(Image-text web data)

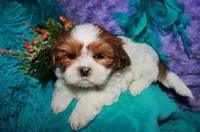 Ellie, a female Shih Tzu for sale in Billings, MO – 9 of 9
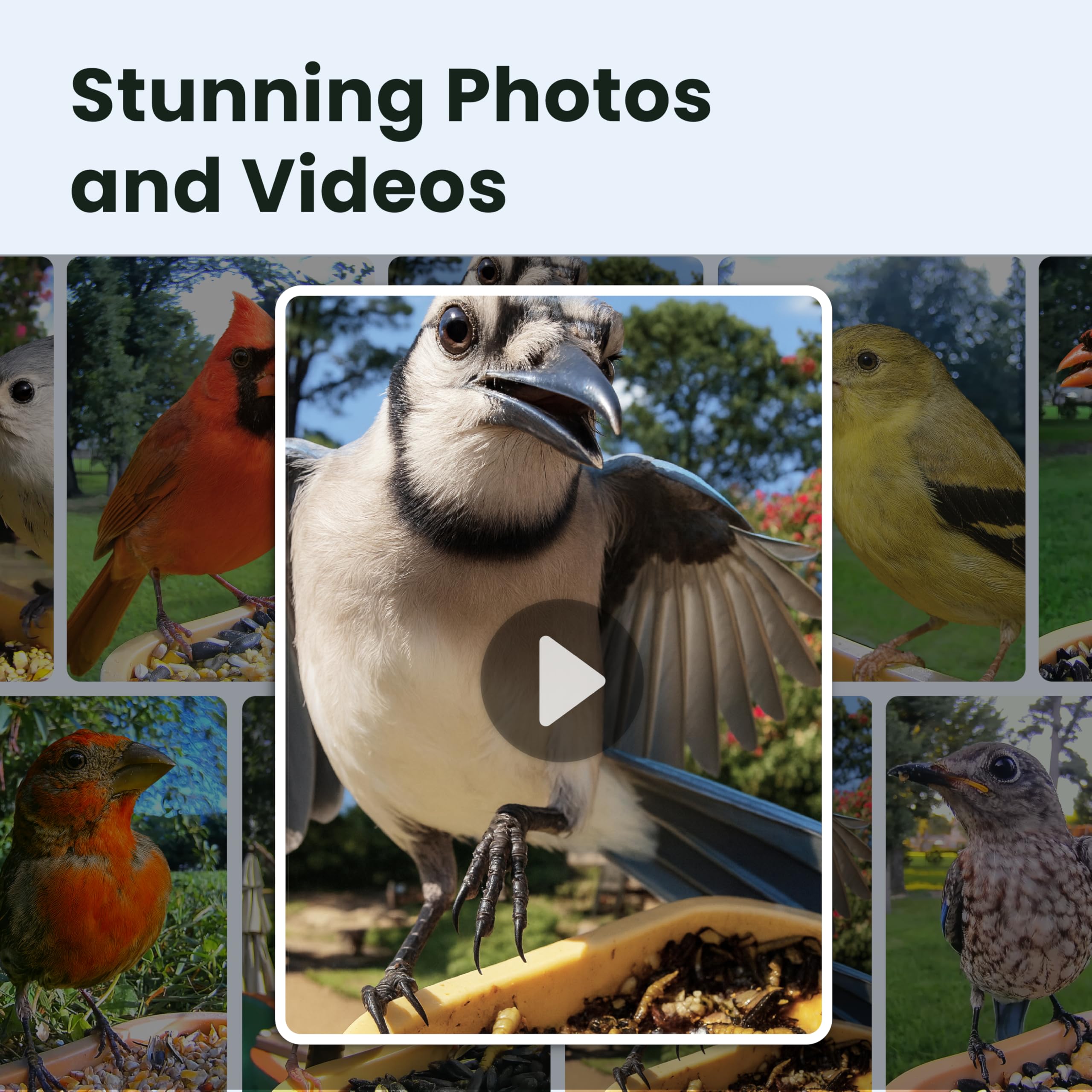 Detailed view of Birdfy feeder camera with night vision feature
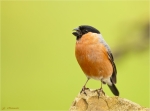 Gimpel-maennlich-eurasian_bullfinch.jpg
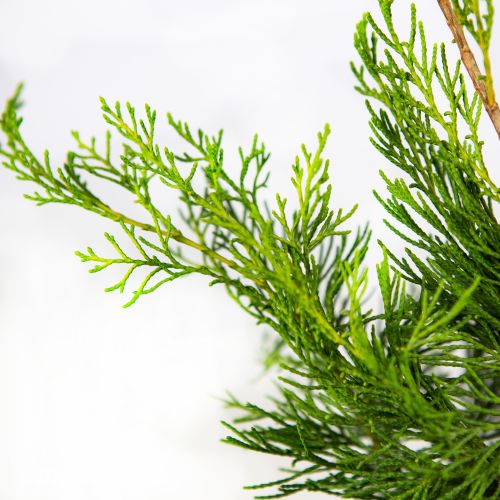 Можжевельник виргинский Канаэрти Juniperus virginiana Canaertii (ЗК)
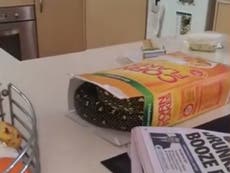 Man finds a python in his box of breakfast cereal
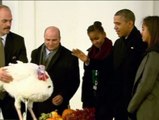 Obama elige al pavo Palomitas para el tradicional indulto de acción de gracias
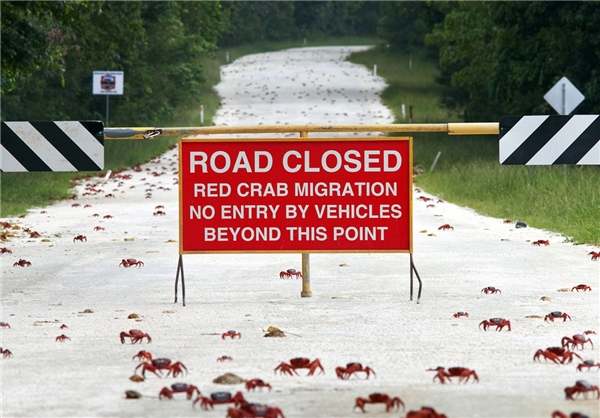 40 میلیون خرچنگ در خیابان های استرالیا (عکس)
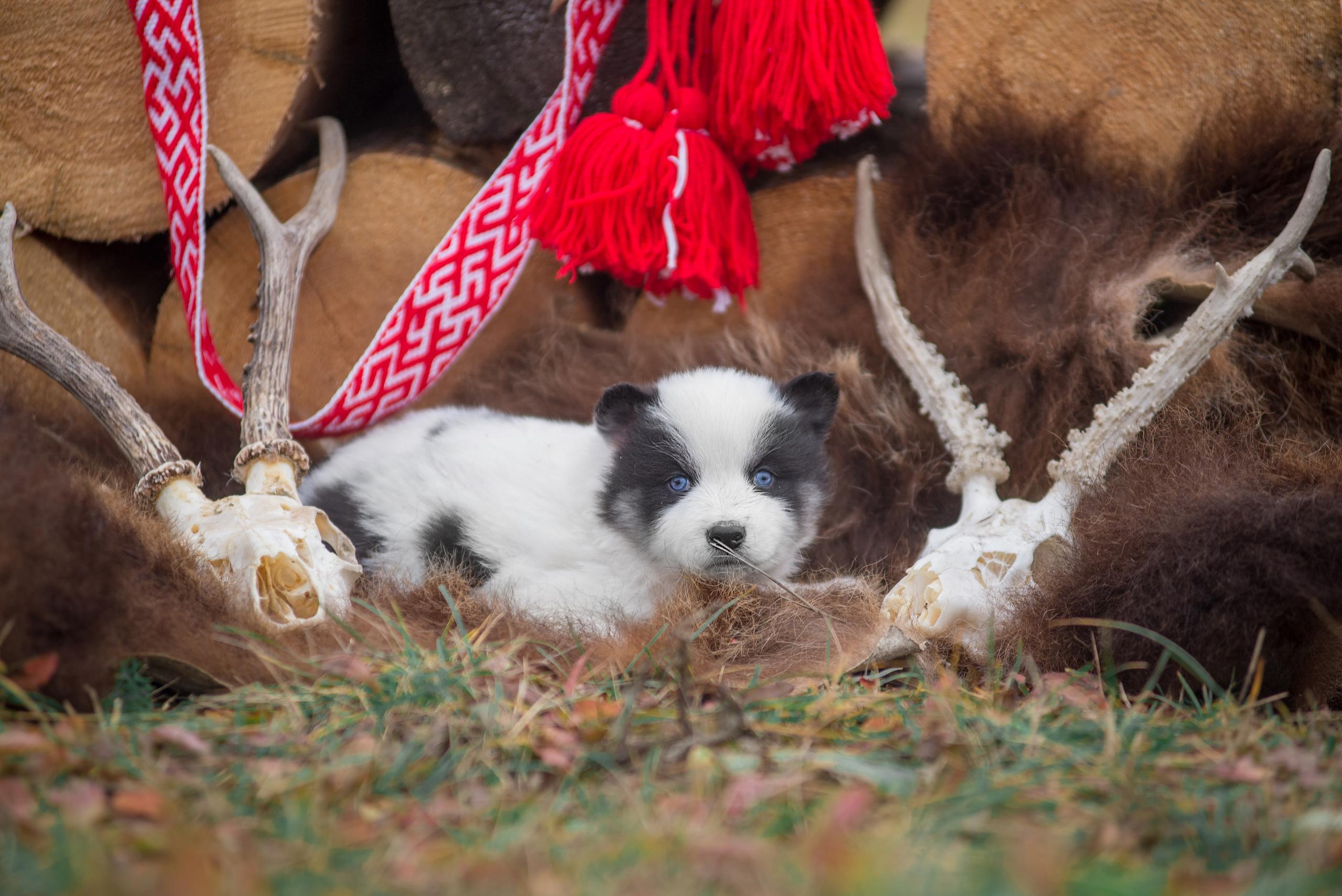 Щенки якуты. Осень 2020. Дог-фотограф в Тюмени Александра Королева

* **REQUIRED WORK**
The copy starts at the line holding "40 میلیون خرچنگ در خیابان های استرالیا (عکس)" and ends at the last line of the records above. Transcribe those lines exactly, pictures excluded.

* **SOLUTION FOR THIS PROBLEM**
 40 میلیون خرچنگ در خیابان های استرالیا (عکس)
 Щенки якуты. Осень 2020. Дог-фотограф в Тюмени Александра Королева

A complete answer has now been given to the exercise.